Investors who are familiar with Stratus’ investment philosophy know that we build portfolios based on the risk profiles of our clients. In order to do this, we focus on investing based on risk factors that have proven to be robust to different measurement specifications, that are able to be replicated in markets around the world and that are persistent throughout different time periods. We believe that investing based on rigorously defined risk factors allows an investor to target risk prudently, leading to portfolios that are based on the positive relationship between risk and return.
One of the best known examples of risk factor investing is to purchase shares of value companies. Value companies are those that tend to be out of favor and/or provide products or services that are vital to our economy but do not make headlines. A good example of a value company is Cisco Systems, one of the larger technology companies in Silicon Valley. While it does not make eyecatching products such as iPhones or Kindles, it provides the infrastructure that allows the internet and data centers around the world to function, supporting services like cloud storage, which are vital to the utility of our iPhones and Kindles.

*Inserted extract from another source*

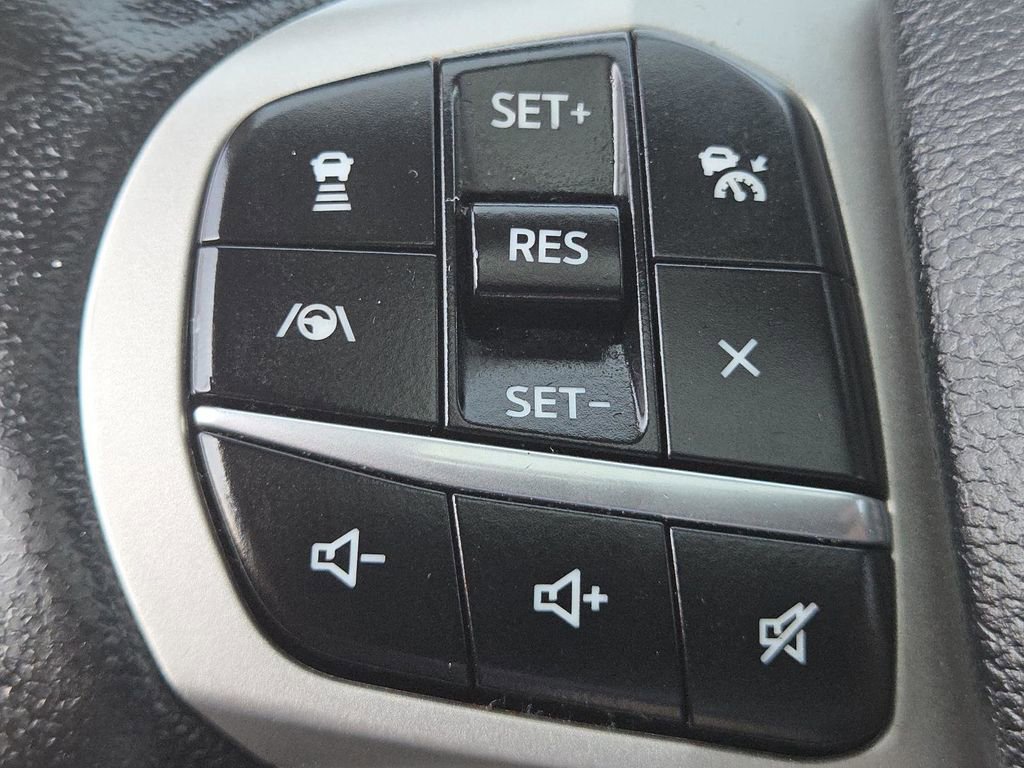 Used 2020 Ford Explorer XLT w/ Equipment Group 202A image 36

Stocks of value companies have been shown to outperform those of growth companies over time but in order for an investor to capture this value premium they need to have patience and a consistent allocation to a diversified portfolio of value companies. For example, over the past 3, 5 and 10 years ending February 2016, growth stocks (as measured by the Russell 1000 Growth Index) have outperformed value stocks (as measured by the Russell 1000 Value Index) on an annualized basis. This data would lead most investors to question whether or not there is a value premium and, more importantly, if a value premium does exist, whether or not it is worth trying to capture.

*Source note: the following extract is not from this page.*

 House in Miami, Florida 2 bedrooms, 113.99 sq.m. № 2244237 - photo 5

While we cannot predict the future, it can be instructive to look at previous periods to gain some insight into how the value premium works. It is important to remember that just because value outperforms growth over time does not necessarily mean value will outperform growth over every conceivable time period. For example, the technology boom of the late 1990s was another period when growth stocks greatly outperformed value stocks. By the end of 1998, an investor in value stocks would have lagged an investor in growth stocks over 3, 5 and 10 year periods (similar to the current trend). This trend continued throughout 1999 and into the beginning of 2000. At this point, it was understandable that some investors and their advisors bailed out of value stocks due to an underperformance versus growth stocks of almost 5.00% per year over the previous decade.

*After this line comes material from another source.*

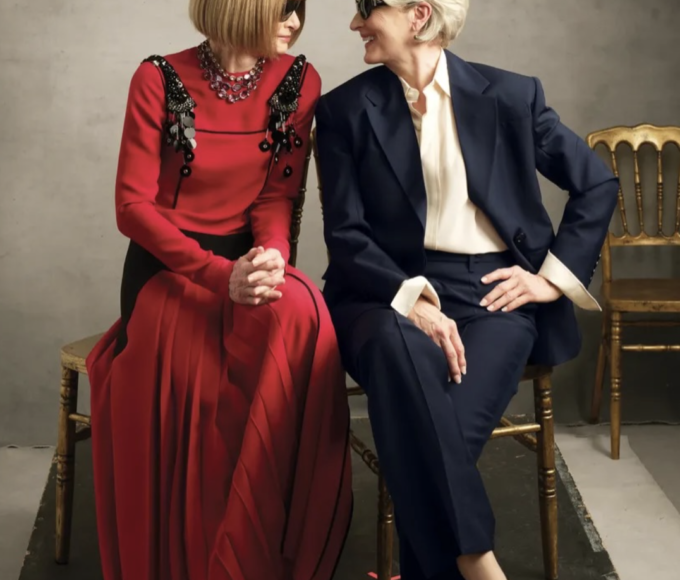 Meryl Streep y Anna Wintour en la portada de Vogue mayo 2026, vestidas de Prada. La actriz de Miranda Priestly luce traje azul marino oversized, camisa crema y gafas oscuras; la editora, look elegante. Imagen icónica de cine y moda.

However, once the market had broken the will of numerous value investors, it corrected itself with shocking speed. By February 2001, value stocks had outperformed growth stocks over 3, 5 and 10 years. More importantly for long-term investors, value had also outperformed growth over the previous 20 years ending February 2001 by roughly 1.60% per year, even though growth had greatly outpaced value through the latter part of the 1990s. Similarly, even though the past decade has been a better time to be invested in growth stocks (as compared to value stocks), the longer term picture still favors value, with value outperforming growth by approximately 1.02% per year over the past 20 years. While no one can accurately predict the future, we believe that history has an important lesson to teach investors about discipline when investing based on risk factors. For the investor who
outlines their risk tolerance and builds a strategy based on risk factors, appropriate rewards can be harvested if that investor is willing to stick to their investment plan over different market regimes.